A University of Iowa professor says some of the most popular parts of the federal health care reform law can only work financially with the controversial mandate that was upheld by yesterday’s Supreme Court ruling. Ty Leverty teaches classes about health insurance to UI students in the College of Business.

“The principle of having the federal government force me to buy something I might not want does sort of rub me the wrong way,” he says, “but with health care there are clear, collective consequences when people refuse to buy insurance.”

People still expect to get adequate treatment if they get sick or injured, according to Leverty.

“What the individual does is it requires everyone to pay their share,” Leverty says. “It’s basically about ending ‘free riders’ and ensuring personal responsibility, which is why the individual mandate was once regarded as a clearly conservative proposal because it forces people to take responsibility for their own actions and to pay accordingly.”

The other important aspect of the “mandate” is it makes it possible for insurance companies to afford to offer broader coverage, like the popular parts of the federal law which have already taken effect that forbid insurance companies from refusing coverage to people on the basis of a preexisting condition, or because a person has surpassed a lifetime benefit limit.

“The individual mandate is the piece that allows the whole thing to function,” Leverty says.

According to Leverty, there’s been a “market failure” in the health insurance industry and the health care reform law is one way of addressing the problem.

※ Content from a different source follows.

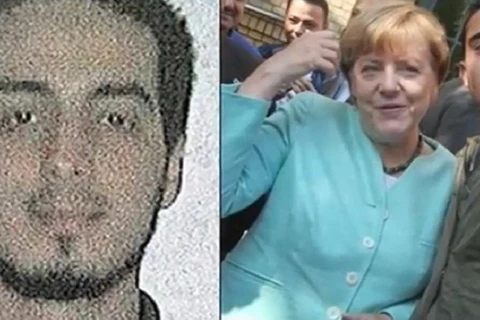 Bức ảnh selfie có bà Merkel đang được chia sẻ mạnh trên Internet (Nguồn: Sputnik)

Leverty also says calling health care coverage “insurance” is a bit of a misnomer, as “insurance” is typically something used to “manage risk” and cover a catastrophic event, like having your car damaged in an accident or your home destroyed by a tornado. According to Leverty, Americans use their health care policies as “cash management”—paying for yearly check-ups and routine tests, things that might be considered “regular tune-ups” for the body. Leverty points out people don’t expect their auto insurance to cover “small, random expenses” like replacing a burned out light bulb, yet they expect their health care policy to cover removal of a wart.